O lançamento da nova música de Gabriel O Pensador me fez lembrar algo interessante: https://www.youtube.com/watch?v=cBiKePi3QMY

Há mais ou menos duas décadas encontrei o advogado Andrés Castagnet num dos prédios da Justiça do Trabalho em São Paulo. Na rua, enquanto caminhávamos para um café ele me pediu para escutar a música Loira Burra: https://www.youtube.com/watch?v=XIsqSBE6w74

Depois ele me disse que queria processar Gabriel O Pensador. A esposa Andrés, uma advogada jovem e loira, havia sido ofendida no metrô por causa do cantor carioca. Ela estava indo a uma audiência. Quando entrou no vagão um punhado de garotos começou a rir e a cantar a música Loira Burra para humilhá-la.

Não precisei refletir muito para lhe dizer que não aceitaria o caso. Gabriel O Pensador não havia feito a música especificamente para ofender a esposa dele. Além disso, o cantor carioca não poderia ser responsabilizado pela conduta daquele punhado de garotos que usaram a música para ofender a loira dele no metrô. Por mais que alguém não gostasse das músicas dele, Gabriel O Pensador tinha direito constitucional de compor e de cantar não podendo sofrer indiretamente algum tipo de censura.

O tempo voou. A percepção do conteúdo da nossa constituição também levantou vôo.

Duas décadas depois, meninos abusados do MBL e procuradores do MPF defendem abertamente a perseguição contra professores e a censura de obras de arte que consideram impudicas. E como o ódio político se transformou em fonte do Direito (digo isto pensando especificamente no juiz que citou Bolsonaro numa sentença), Gabriel O Pensador pode acabar sendo processado criminalmente porque compôs e cantou a música Tô Feliz – Matei o Presidente.  

Inspirado na teoria utilizada por Deltan Dellagnol para fazer o PowerPoint e denunciar Lula, um procurador do MPF pode fazer o cálculo das probabilidades e concluir que a música de Gabriel O Pensador instiga a prática de terrorismo. O abuso da liberdade artística justificaria a condução coercitiva do cantor para depor na PF. A ordem para proibir a divulgação da música certamente poderá ser deferida com base na doutrina constitucional do presidenciável Jair Bolsonaro.

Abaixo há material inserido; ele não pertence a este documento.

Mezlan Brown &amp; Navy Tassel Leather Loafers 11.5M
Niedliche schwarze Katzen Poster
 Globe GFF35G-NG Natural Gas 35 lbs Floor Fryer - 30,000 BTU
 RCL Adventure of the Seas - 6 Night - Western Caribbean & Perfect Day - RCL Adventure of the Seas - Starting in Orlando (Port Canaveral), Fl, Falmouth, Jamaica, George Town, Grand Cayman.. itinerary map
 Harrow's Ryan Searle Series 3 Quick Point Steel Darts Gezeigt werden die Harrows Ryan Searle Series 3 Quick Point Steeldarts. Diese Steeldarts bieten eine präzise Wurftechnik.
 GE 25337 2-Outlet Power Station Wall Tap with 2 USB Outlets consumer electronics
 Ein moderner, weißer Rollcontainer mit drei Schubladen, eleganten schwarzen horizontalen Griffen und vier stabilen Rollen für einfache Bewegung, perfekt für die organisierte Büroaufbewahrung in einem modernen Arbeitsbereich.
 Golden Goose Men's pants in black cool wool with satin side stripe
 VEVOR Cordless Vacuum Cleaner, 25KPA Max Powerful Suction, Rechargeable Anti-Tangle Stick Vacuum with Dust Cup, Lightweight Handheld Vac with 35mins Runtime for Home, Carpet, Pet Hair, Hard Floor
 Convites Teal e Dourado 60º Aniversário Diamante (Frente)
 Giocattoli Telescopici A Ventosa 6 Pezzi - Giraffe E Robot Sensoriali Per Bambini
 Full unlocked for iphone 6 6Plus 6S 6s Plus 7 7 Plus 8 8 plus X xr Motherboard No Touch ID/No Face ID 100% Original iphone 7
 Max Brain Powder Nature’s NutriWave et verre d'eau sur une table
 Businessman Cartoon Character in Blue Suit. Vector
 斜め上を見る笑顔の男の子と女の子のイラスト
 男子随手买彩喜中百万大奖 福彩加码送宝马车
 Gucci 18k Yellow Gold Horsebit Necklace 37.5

Regredimos. Nos dias de hoje, em razão da popularização do uso político/partidário do Direito por juízes e procuradores, seria possível ajuizar uma ação de indenização como aquela que eu recusei há mais de duas décadas. Apesar disso não me arrependo de ter concluído que Gabriel O Pensador não poderia ser processado por causa da música Loira Burra. Aliás, se alguém me apresentasse um problema semelhante minha conclusão seria a mesma. Não fui e não serei responsável pela destruição do sistema constitucional brasileiro.